Неразличимы даль и близь, да и нет, верх и низ. Бог и Дьявол, меняясь местами, шепчут герою то в правое, то в левое ухо.

Неразличимо: помнить или забыть. Быть или не быть. "Быть не с тобой и не быть...".

С точки зрения логики, всё это, я подозреваю, авангардистский эпатаж. Но "дологичный" смысл таких отождествлений-смешений-оборотов-удвоений горек и реален. Личность должна сориентироваться в мире, где очертания сбиты, ценности обёрнуты, предметы двоятся или сведены к нулю.

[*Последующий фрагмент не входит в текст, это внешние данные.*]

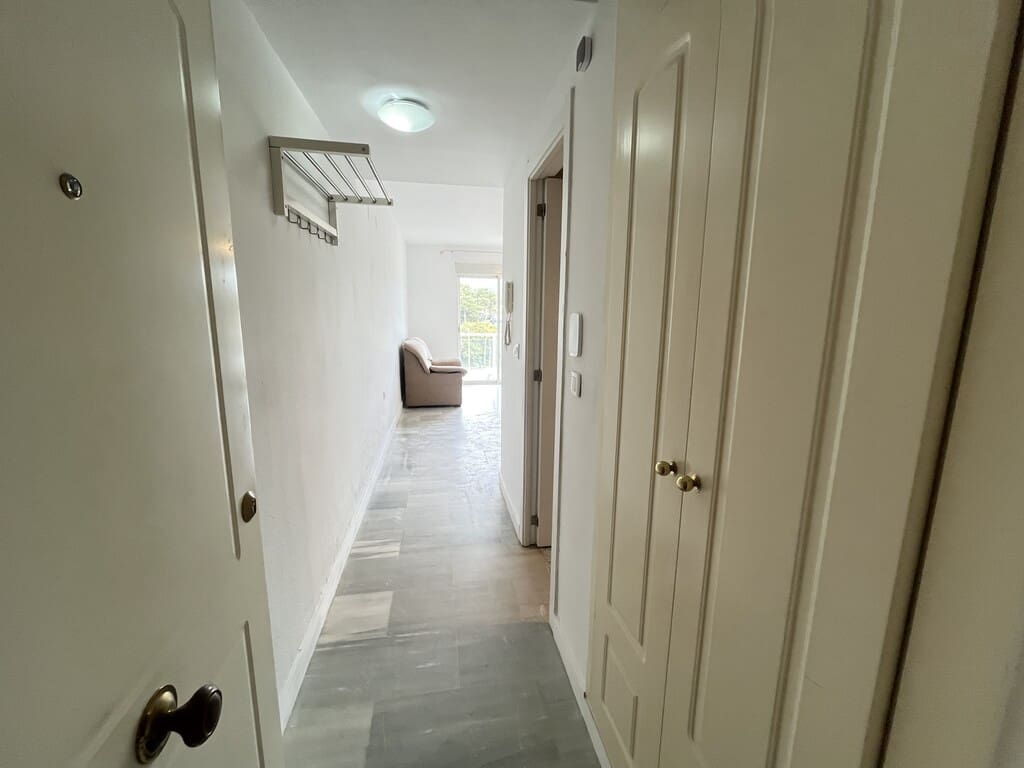 Studio til salgs i Las Chapas med svømmebasseng - € 192 000 (Ref: 10061381)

Ты даже не ноль, а то, что внутри нуля...

Что может помочь человеку удержаться в этой ситуации? Бог? А может, то самое существо на каблучках, чей цокот доносится сквозь немоту-тишину?



Щебет щегла

Эти плечи, эта шея, эти щёки вписаны в мир, где белая мгла стирает контуры, и тишина съедает шёпоты. Как уберечь любимое существо в кромешном свете неразличимости? Как сохранить контуры плеч и оттенки шёпота?

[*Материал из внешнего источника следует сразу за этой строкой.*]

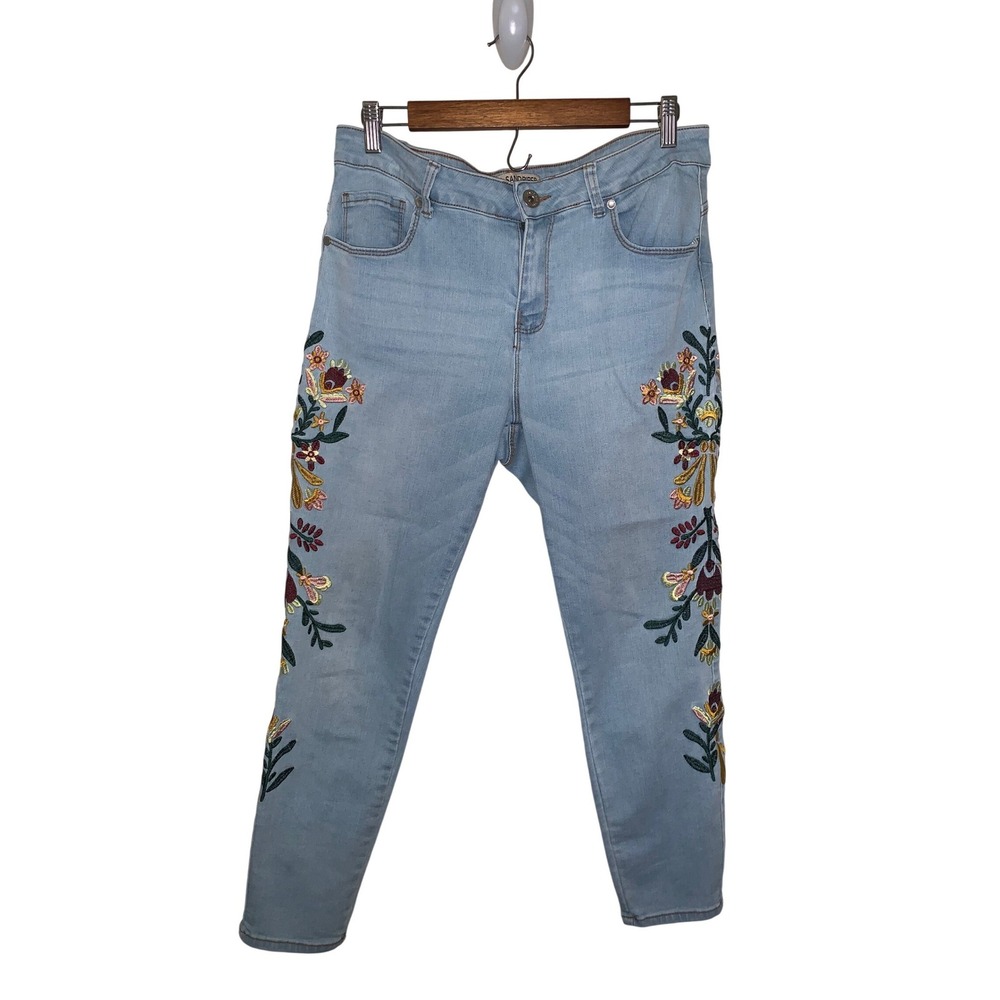 Sandpiper Petite Floral Embroidered Skinny Jeans Light Wash‎ Blue Denim Size 12P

Вариант ответа: "Мир принимает формы твоего тела". Другой вариант: "Быть не с тобой и не быть - одно". В обоих вариантах брезжит неразличимо-единое. Одно. Параметры мира уложены в это Единое, в это Одно. Но как уложить в него природное чувство?

Чувство не хочет шептать на языке звёзд, будто до них ближе, чем до любимой. Природа рассыпает Единое на детали, на предметы, она любуется деталями, их россыпью.

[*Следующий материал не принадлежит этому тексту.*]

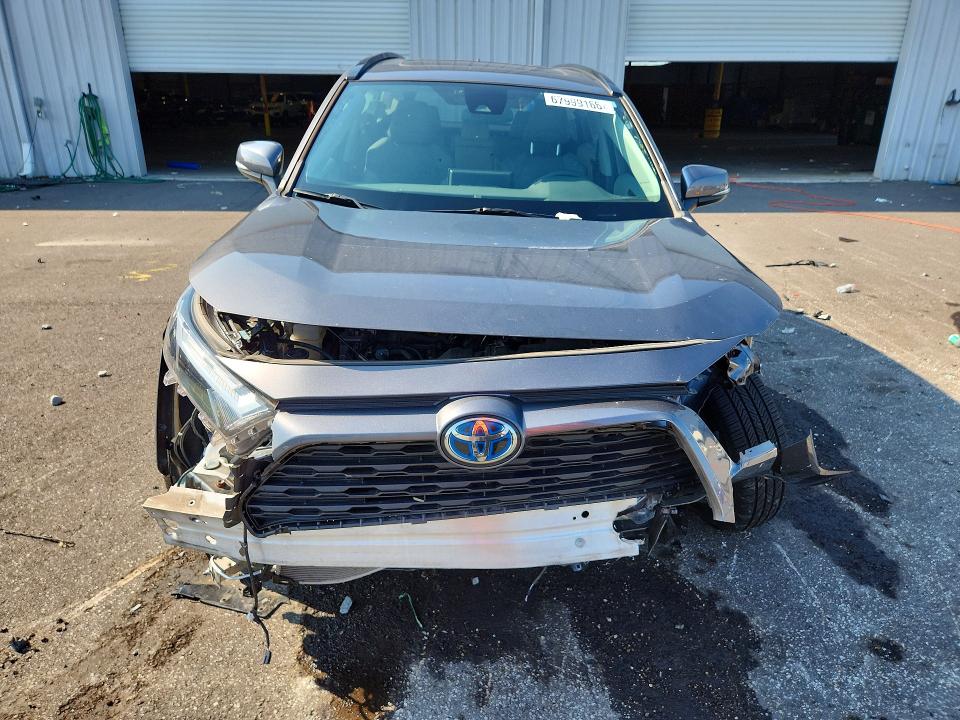 Photo 5 from auction – 2022 TOYOTA RAV4 with VIN 4T3B6RFV5NU092014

Мироздание гасит эти живые искры, возвращая героя к невыносимости. Красный платочек избранницы прощально кружится в бездне ушедшего времени, в немоте забвения, в вакууме, где не остаётся ничего: "плоти, персти, тени". Только шёпоты доносятся...

Два живых сердца бьются в сети неощутимых, неотпускающих координат: жизнь не согласна уподобляться смерти, упрямый разум перебирает варианты, от которых ему надлежит отречься. Двое влюблённых - не пашня и зерно, не плоть и дух. Их двое, и они - Одно, причём это Одно больше двух. Они попирают вечный пир небытия, они - мир, "не разделённый на ты и я".

Всё это славно сходится в точке философской абстракции (и в поэзии, пытающейся эту абстракцию осилить), но распадается под сенью небосвода, где двое бредут "понурые слегка" (и поэзия не может оторваться от их фигур).

Что же их сводит вместе?

"Неведомая сила".

Неведомая - это как у агностиков?..

Почему эти двое должна разлучиться?

"По прихоти Творца".

Прихоть - это уже что-то ведомое. Но отложим тему Творца до момента, когда агностик попробует уподобиться гностикам.

Куда деться оставленной одинокой женщине?

"В омут, в поток, во тьму времён".

Ну, если больше некуда.

Однако... непослушный завиток прядки... простылый беретик... шубка, мех которой хочется погладить... Если бы возможно было удержать в уравнениях Бытия-Небытия этот выпадающий образ, этот нечаянный "очерк", эту "фигурку", вбиваемую в душу "билом" поэзии. Душа ищёт, на что опереться в таком мироздании, в котором ориентиры смыты или двоятся. Дух - мужественно держится в невесомости.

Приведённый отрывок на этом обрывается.